Si je vous donne carte blanche! assurément, monsieur, et très blanche.
Je suis assez flatté déjà que vous la daigniés accepter. Il me semble voir le bon Socrate au milieu de ses disciples leur demander la permission de les instruire.

Je vais achever mon examen, puisque vous l'ordonnés ainsi. Vous m'avez rendu tout mon courage; et ce ne sont pas vos louanges, toutes flatteuses qu'elles sont, qui m'assurent du succès, ce succès est certain puisque mon ouvrage deviendra la vôtre. Dieu vous maintienne dans ce louable dessein. La générosité sied bien à ceux qui peuvent donner beaucoup sans s'appauvrir.

Je ne puis envoier un éxemplaire nouveau des notes que vous avés déjà sur les Tragédies de Britannicus, de Mitridate, de Bajazeth, d'Iphigénie et d'Andromaque, parce que je n'en ai plus de minute et qu'il faudroit que je recommençasse un travail aussi ingrat qu'inutile.

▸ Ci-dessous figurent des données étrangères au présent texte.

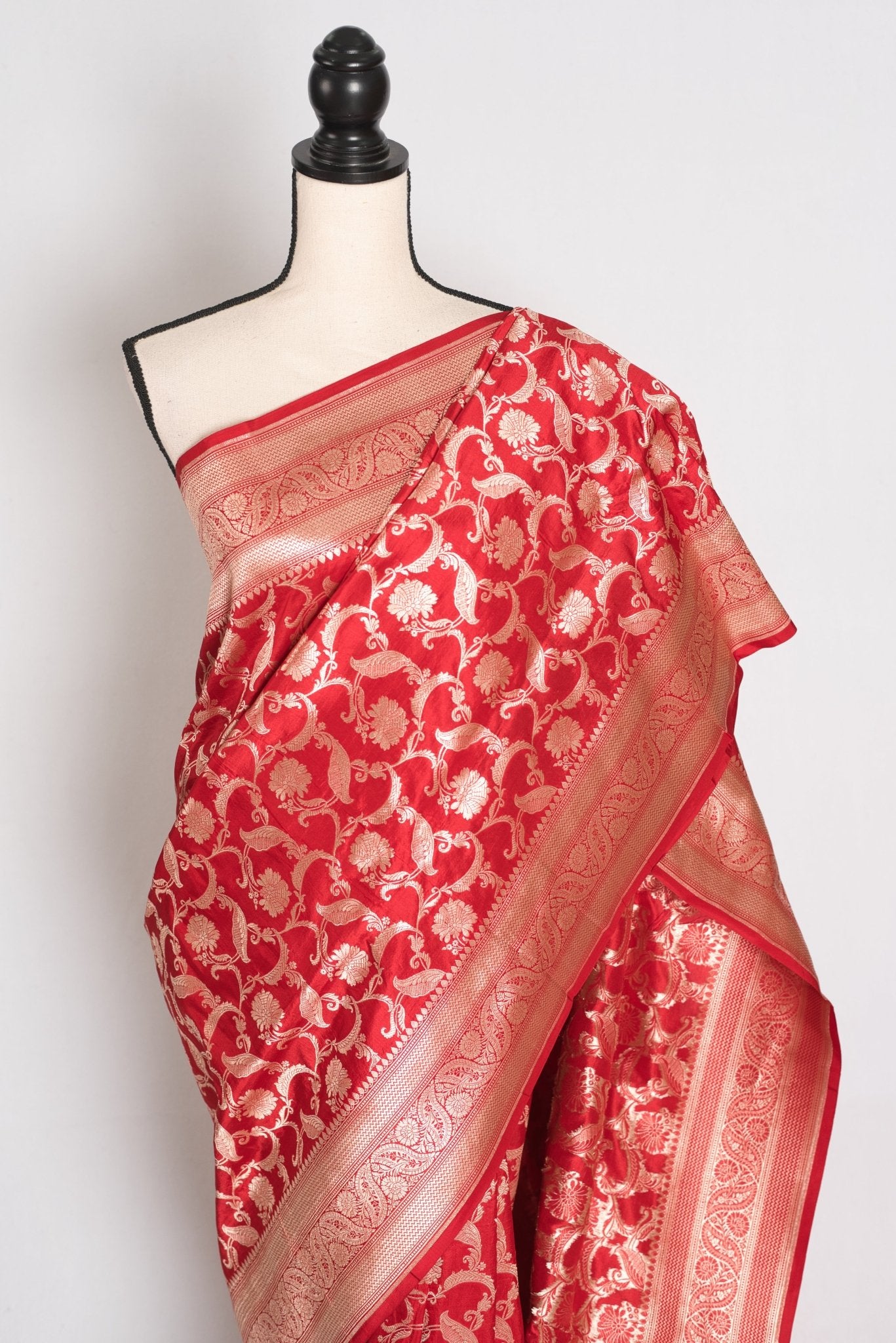 Red Banarasi saree — pallu view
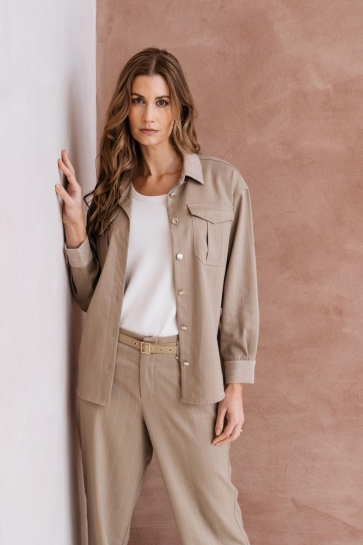 Zizo Blouse PURE BLOUSE FA25 PURE 311 PINSTRIPE DARK SAND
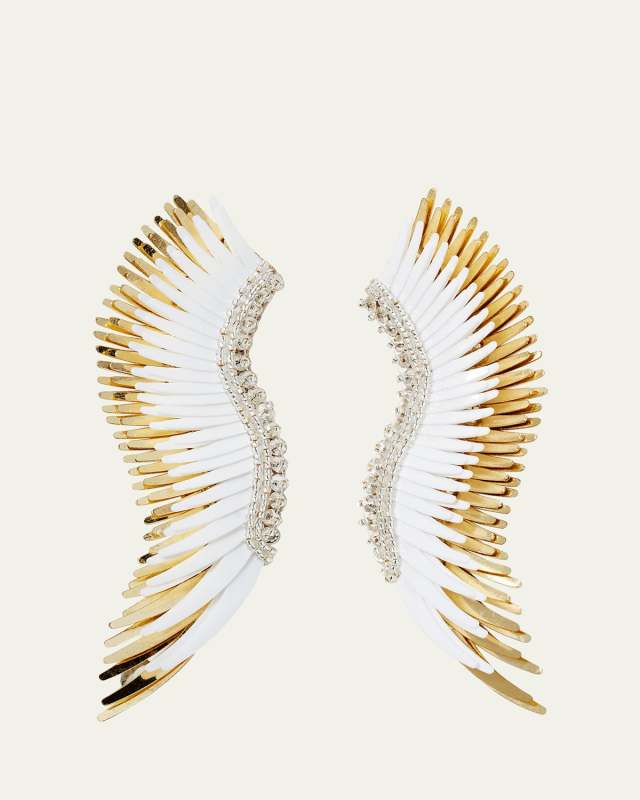 Madeline Beaded Statement Earrings, White/Golden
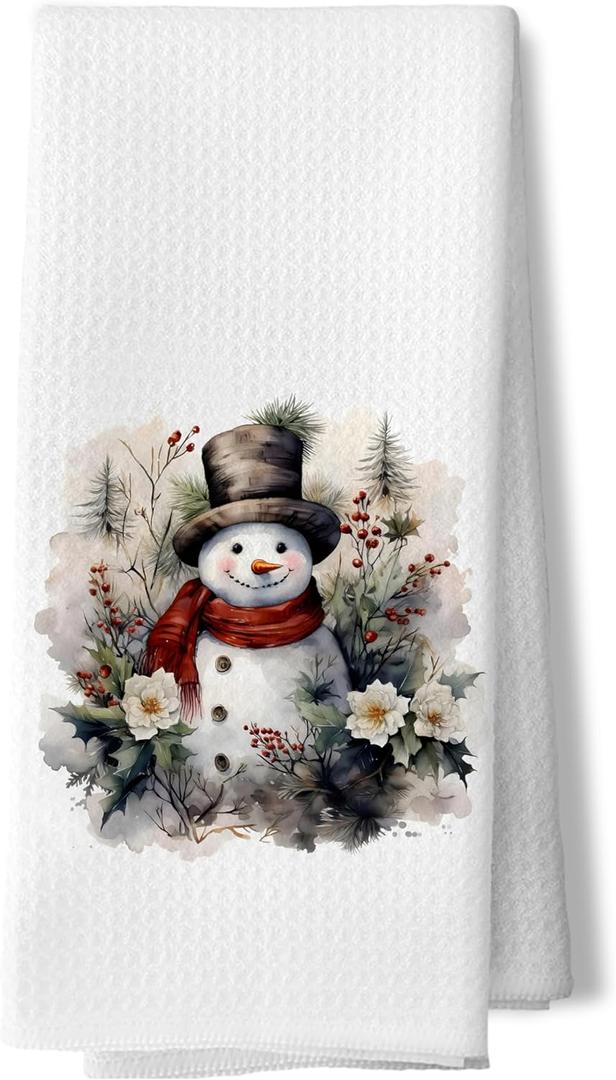 Vintage Christmas Snowman Kitchen Towels, Rustic Winter Botanical Snowman Dish Towels for Kitchen, Farmhouse Christmas Decorative Hand Towels for Bathroom Kitchen,16x24In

L'exemplaire que m. de la Harpe a eu l'honneur de vous remettre est écrit à mi-marge, effacés beaucoup et substitués davantage, je m'en trouverai bien à coup sûr et le public encor mieux.

Cependant je vais tâcher de saisir vôtre esprit dans mes observations sur Phèdre et sur Athalie. Polieucte pourra me servir d'objet de comparaison avec cette dernière puis que ces deux tragédies sont apelées chrétiennes.

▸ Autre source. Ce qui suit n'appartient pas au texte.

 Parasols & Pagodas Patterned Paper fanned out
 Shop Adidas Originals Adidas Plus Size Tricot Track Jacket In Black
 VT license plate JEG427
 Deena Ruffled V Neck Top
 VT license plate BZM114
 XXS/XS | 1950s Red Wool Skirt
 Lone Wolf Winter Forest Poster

L'ancien testament n'est pas cependant aussi différent du nouveau que le stile de Racine du jargon de Corneille. Pardonnés moi ce mot, je viens de relire Polieucte et sur 2000 vers je n'en vois pas deux cent qui soient suportables. Il est bien étonnant que les gens qui sont instruits de cette vérité soient obstinés à la combattre. Qu'y a-t-il à gagner pour eux? Ils peuvent écrire aussi incorrectement que Corneille sans en avoir la réputation: les événements que l'on voit arriver tous les jours ne sont plus des prodiges. Revenons à notre objet.

J'aurai l'honneur de vous envoier un cahier d'observations nouvelles sur Phèdre, à la fin de la semaine prochaine, j'aurai grand soin que la marge soit ample et bien blanche afin qu'elle me revienne bien noire. Mon projet seroit que l'ouvrage parût dans le courant du mois de Mars, l'édition nouvelle de Racine (proposée par souscription) sera délivrée dans les premiers jours de fébvrier et tandis que les échos mercenaires du faux goût et de l'ignorance retentiront des imbéciles jugements de nos Midas et de nos Zoiles, il seroit bon, je crois, que le troupeau choisi reçût quelque consolation et pût se rallier sous vôtre étendart. Il seroit bon que les gens du monde, qui lisent peu, qui savent moins, mais qui jugent aussi volontiers que Dandin, cessassent de croire à Corneille comme à leur Evangile, et qu'ils apprissent à distinguer les vraies beautés des vaines déclamations.

C'est vous, monsieur, qui aurés l'honneur de cette révolution, si elle arrive un jour. Vous me promettés de dire tout, et moi je vous prie de ne rien taire.

On dit, icy, que m. le Kain est dépositaire d'un trésor nouveau que vous venés de lui confier. On dit que c'est une Tragédie de Pierre le cruel. Mais j'en doute encor. Vous me fites l'honneur de me mander, il y a deux ans, que vous aviez abandonné ce sujet. Honorés moi de plus de confiance et soiés sûr que je garderai le secret avec autant de constance que je publirai nôtre ouvrage avec intrépidité. Je jouis d'avance du plaisir de voir nos idées jointes et rassemblées, il me semble que c'est entrer en partage de la souveraineté et que mon nom ne sauroit plus périr après une si glorieuse association. N'allés pas tromper de si douces espérances et réaliser des chimères qui ne m'occuperoient pas longtems s'il n'en résultoit point une utilité générale. On s'attache par ses propres bienfaits; je vois bien par vos magnifiques promesses que vous m'aimez encor; continués à m'aimer et soiés sûr de ma reconnoissance comme de mon admiration respectueuse.

Mille respects à vos dames.

P. S. Mr de la Harpe pourra vous dire, comme moi, qu'il est bien vraisemblable que Le comte Pascal mourra dans l'impénitence finale.